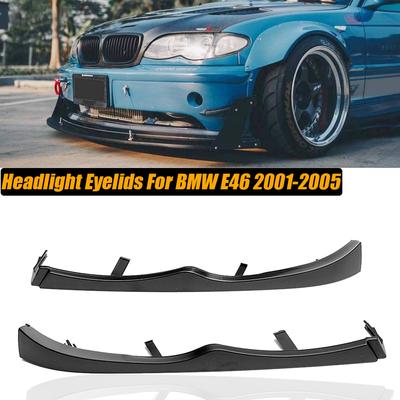 2PCS Headlight Eyelids Cover Eyebrow Molding Trim For BMW E46 330i 330Xi 325i 2001-2005 51137043410 51137043409 Car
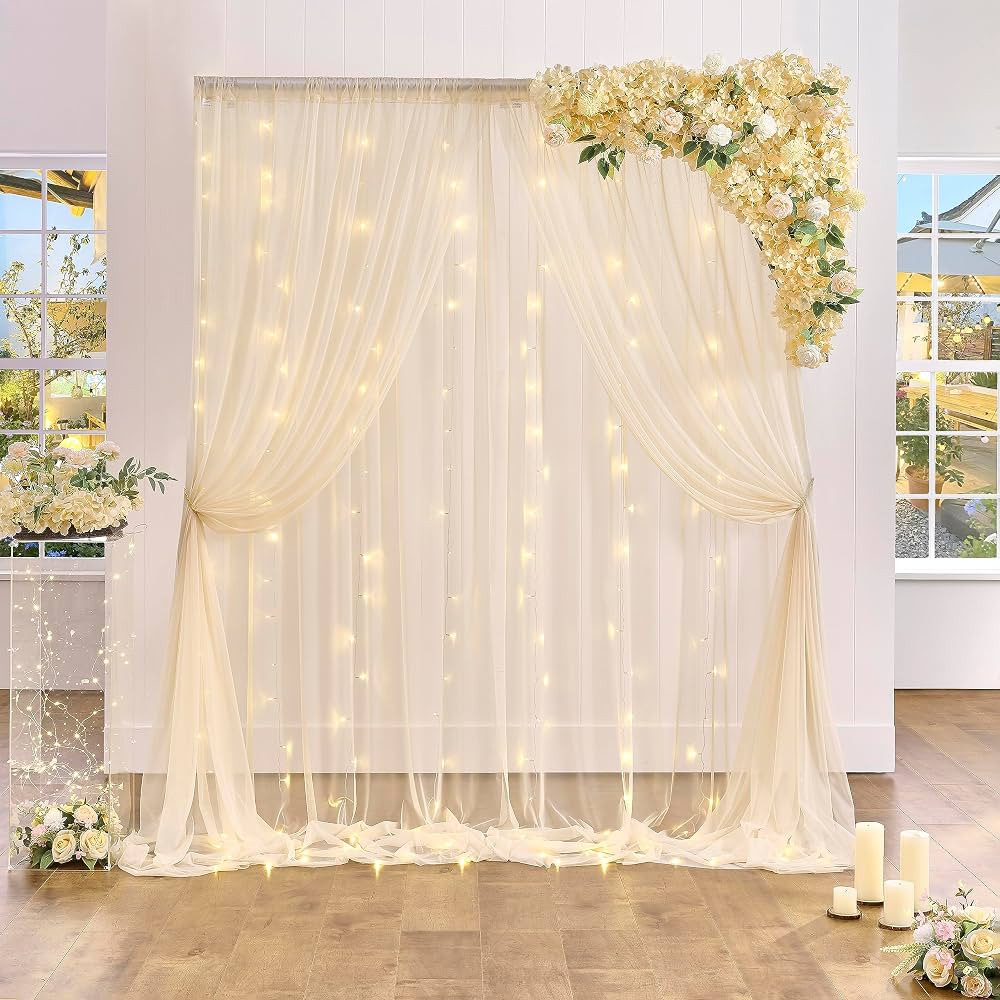 Champagne Tulle Backdrop Curtain with Lights String for Parites Wedding 10x8ft Champagne Sheer Br... | Amazon (US)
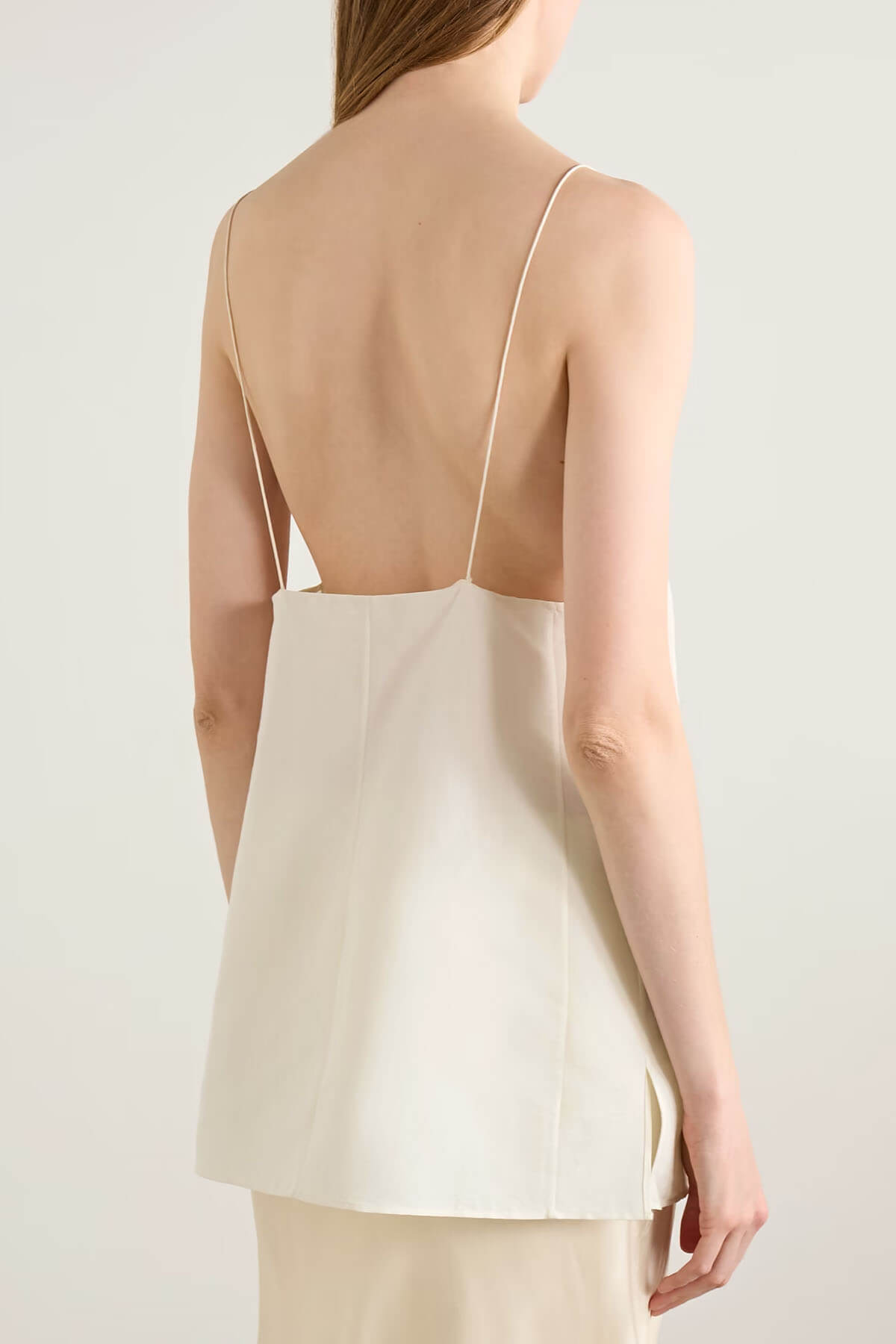 Exquise Rugloze Camisole Top en Geplooide Gedrukte Satijnen Twill Rok Set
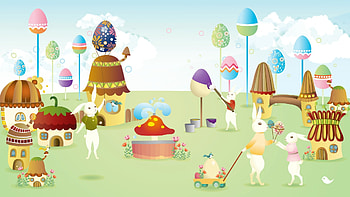 Easter Bunny Village, bunnies, birds, eggs, houses, mushroom, balloons, fountain, homes, water, buckets, Spring, circles, wagon, Easter, rabbits, Easter eggs, paint, clouds, sky, flowers HD wallpaper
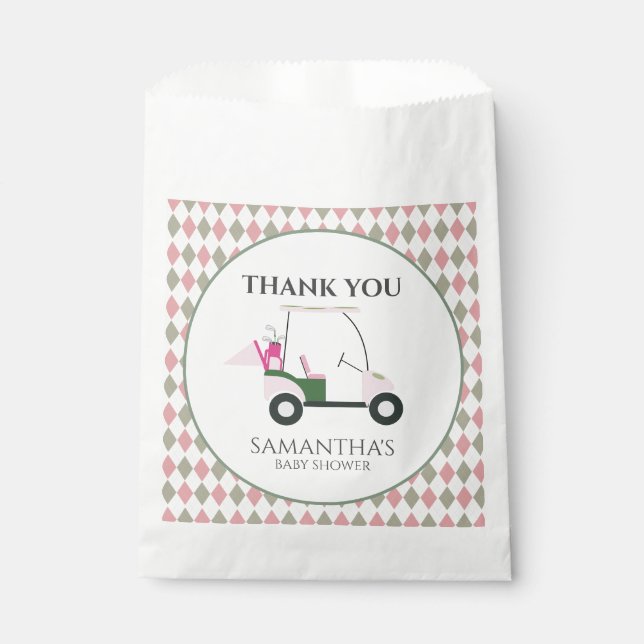 Modern Golf Baby Gender Reveal Par-tee Favor Bag (Front)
..............................
[Work instruction] No picture is to be printed. Output exactly the lines above from the line containing "Champagne Tulle Backdrop" through the line containing "flowers HD wallpaper".

[Answer to this exercise]
 Champagne Tulle Backdrop Curtain with Lights String for Parites Wedding 10x8ft Champagne Sheer Br... | Amazon (US)
 Exquise Rugloze Camisole Top en Geplooide Gedrukte Satijnen Twill Rok Set
 Easter Bunny Village, bunnies, birds, eggs, houses, mushroom, balloons, fountain, homes, water, buckets, Spring, circles, wagon, Easter, rabbits, Easter eggs, paint, clouds, sky, flowers HD wallpaper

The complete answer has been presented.